Il rapporto che s’instaura fra i personaggi è molto complesso. I due sembrano infatti dipendere l’uno
dall’altro, sia pure per motivi opposti: Alfonso ammira Macario perché è sicuro di sé, perché lo vede
debole e spaventato. Al contrario, Alfonso, è indispensabile a Macario per far emergere la propria
superiorità.
Il senso del brano viene riassunto, nel finale, in una similitudine: una sorta di parabola, che raffigura la
lotta tra gabbiani e pesci. Macario fa osservare ad Alfonso la grande efficacia del volo dei gabbiani,
capaci di gettarsi nel modo più rapido e infallibile sulla preda: come se il piccolo cervello di quegli
uccelli fosse progettato solo a quello scopo. Alfonso (come la gita in barca a vela ha appena dimostrato)
possiede invece le qualità opposte a quelle dei gabbiani: il suo cervello, nutrito di studi e letture, gli è
d’impaccio, anziché d’utilità, nella lotta per la vita. I soli voli a cui è adatto, come ironicamente
commenta Macario, sono quelli poetici, cioè voli del tutto inutili.

Senilità
Senilità è il secondo romanzo di Svevo, scritto tra il 1892 e il 1897 e pubblicato l'anno successivo.
La trama ruota intorno alla storia d’amore tra Emilio Brentani e Angiolina. Emilio vive un’esistenza
monotona e grigia con la sorella Amalia.
L’insoddisfazione per la propria esistenza vuota e mediocre spinge Emilio ad un'avventura con una
ragazza del popolo, Angiolina. Egli si innamora perdutamente della ragazza (da donna di facili costumi
viene idealizzata e diventa una “donna angelo” e simbolo del comunismo). La donna, tuttavia, è meno
coinvolta ed è attratta da diversi uomini tra cui Stefano Balli, amico di Emilio e scultore, di cui è
innamorata pure la sorella Amalia. Emilio perciò allontana l'amico da casa sua e Amalia si ammala di
polmonite e successivamente muore. Egli interrompe la relazione con Angiolina e ritorna a vivere la sua
esistenza grigia e mediocre, rinchiudendosi nel guscio della sua senilità, guardando alla sua avventura
come un “vecchio” alla sua “gioventù” e ricordando le donne amate, Amalia e Angiolina, unendo nella
memoria l’aspetto dell’una con il carattere dell’altra.
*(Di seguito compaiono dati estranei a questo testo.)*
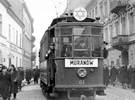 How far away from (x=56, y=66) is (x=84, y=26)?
6.35ft

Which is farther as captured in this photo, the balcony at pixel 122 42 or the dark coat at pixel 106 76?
the balcony at pixel 122 42

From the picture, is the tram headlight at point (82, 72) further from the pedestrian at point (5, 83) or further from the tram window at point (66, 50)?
the pedestrian at point (5, 83)

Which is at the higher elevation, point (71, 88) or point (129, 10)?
point (129, 10)

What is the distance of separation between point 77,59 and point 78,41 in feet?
2.31

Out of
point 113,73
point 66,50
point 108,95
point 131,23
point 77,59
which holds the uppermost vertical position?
point 131,23

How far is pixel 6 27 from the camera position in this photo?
34.4 m

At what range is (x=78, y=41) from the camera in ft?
45.3

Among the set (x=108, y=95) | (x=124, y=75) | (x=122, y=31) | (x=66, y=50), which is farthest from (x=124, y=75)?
(x=66, y=50)

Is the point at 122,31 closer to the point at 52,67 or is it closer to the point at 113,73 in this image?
the point at 113,73

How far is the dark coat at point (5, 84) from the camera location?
15.0 meters

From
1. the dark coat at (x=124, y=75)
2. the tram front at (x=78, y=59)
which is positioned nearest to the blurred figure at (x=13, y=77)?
the tram front at (x=78, y=59)

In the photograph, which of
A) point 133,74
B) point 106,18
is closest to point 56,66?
point 133,74

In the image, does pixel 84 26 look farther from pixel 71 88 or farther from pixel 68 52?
pixel 71 88

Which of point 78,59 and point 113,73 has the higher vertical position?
point 78,59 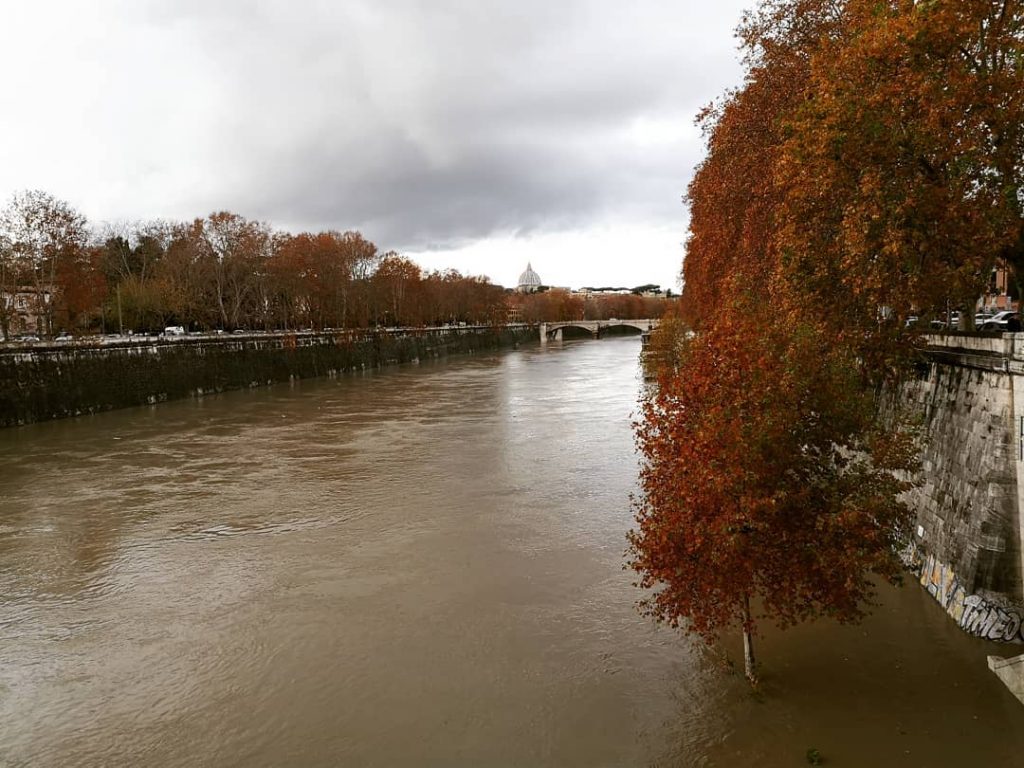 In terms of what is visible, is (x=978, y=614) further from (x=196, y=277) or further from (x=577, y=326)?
(x=577, y=326)

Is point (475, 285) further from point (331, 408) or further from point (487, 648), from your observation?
point (487, 648)

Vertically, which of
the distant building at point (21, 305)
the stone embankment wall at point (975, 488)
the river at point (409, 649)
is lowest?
the river at point (409, 649)

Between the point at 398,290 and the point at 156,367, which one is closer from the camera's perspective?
the point at 156,367

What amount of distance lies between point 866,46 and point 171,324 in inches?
2362

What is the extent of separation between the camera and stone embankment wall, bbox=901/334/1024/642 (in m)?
9.09

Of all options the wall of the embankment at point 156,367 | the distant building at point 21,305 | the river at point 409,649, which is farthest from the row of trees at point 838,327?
the distant building at point 21,305

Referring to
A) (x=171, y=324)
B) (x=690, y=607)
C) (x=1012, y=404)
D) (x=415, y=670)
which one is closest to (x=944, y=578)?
(x=1012, y=404)

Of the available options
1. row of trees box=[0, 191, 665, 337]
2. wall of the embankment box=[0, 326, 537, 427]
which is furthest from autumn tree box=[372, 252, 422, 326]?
wall of the embankment box=[0, 326, 537, 427]

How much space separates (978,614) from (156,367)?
39.7 metres

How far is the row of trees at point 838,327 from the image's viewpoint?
7793mm

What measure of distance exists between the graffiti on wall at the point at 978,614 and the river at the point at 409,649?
8.5 inches

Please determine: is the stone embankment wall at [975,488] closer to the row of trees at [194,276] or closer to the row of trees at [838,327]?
the row of trees at [838,327]

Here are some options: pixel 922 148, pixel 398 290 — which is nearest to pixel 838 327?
pixel 922 148

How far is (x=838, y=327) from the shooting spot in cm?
1190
Come il personaggio di Una Vita, anche Emilio Brentani incarna la figura dell’inetto, incapace di vivere
davvero, ma imprigionato nei suoi sogni e illusioni, in un continuo ed inconsapevole autoinganno. Sono
entrambi due sconfitti dalla realtà a cui non riescono appartenere. Il primo si suiciderà, ponendo fine al
senso di inutilità e inadeguatezza che lo attanaglia; fine simile a quella della sorella del protagonista di
Senilità, che illusa dell’amore di Stefano a causa delle sue stesse fantasie, nel momento della delusione
amorosa perde il contatto definitivo con la realtà, abbandonandosi all’abuso di etere, che la condurrà
alla morte. Per “senilità” Svevo intende proprio l’inettitudine del protagonista, che lo rende incapace da
affrontare la vita e la realtà stessa, chiuso nella sua interiorità.
Svevo espone il racconto secondo la coscienza e psicologia di Emilio, seguendo quindi i suoi sentimenti
e le sue considerazioni. Diventa centrale nel funzionamento del romanzo non più la struttura spazio-
temporale delle vicende, ma i moti dell’animo e le reazioni agli eventi dei personaggi.
“Il ritratto dell'inetto” da Senilità
Il dato essenziale che emerge dal testo è il fatto che il protagonista mente. Egli mente a due livelli:
• mente alla ragazza, non dicendole che procederà con cautela nella relazione e che per lui
Angiolina non può essere più di un giocattolo
• mente a sé stesso, adducendo la famiglia e la carriera come motivi per non intrecciare un
legame serio.
Si manifesta qui il tratto primario della personalità di Emilio: la sua falsa coscienza, che lo porta a
costruirsi maschere gratificanti ai propri stessi occhi. Emerge inoltre il senso della “senilità”: Emilio ha
paura di affrontare la vita, che gli appare piena di pericoli, perciò riununcia a vivere chiudendosi nel
nido familiare. Il protagonista si crea quindi una sua maschera superomistica, non avendo la lucidità per
vedersi nella sua effettiva mediocrità. Il personaggio di Angiolina, invece, appare carico di valenze
simboliche, offrendosi come emblema della giovinezza in opposizione alla senilità e alla mortificazione
vitale di Emilio. Il narratore interviene frequentemente per giudicare e commentare il protagonista,
smascherando i suoi alibi e facendo emergere la sua inettitudine. Il narratore costituisce così l’unica
prospettiva lucida e consapevole dell’opera.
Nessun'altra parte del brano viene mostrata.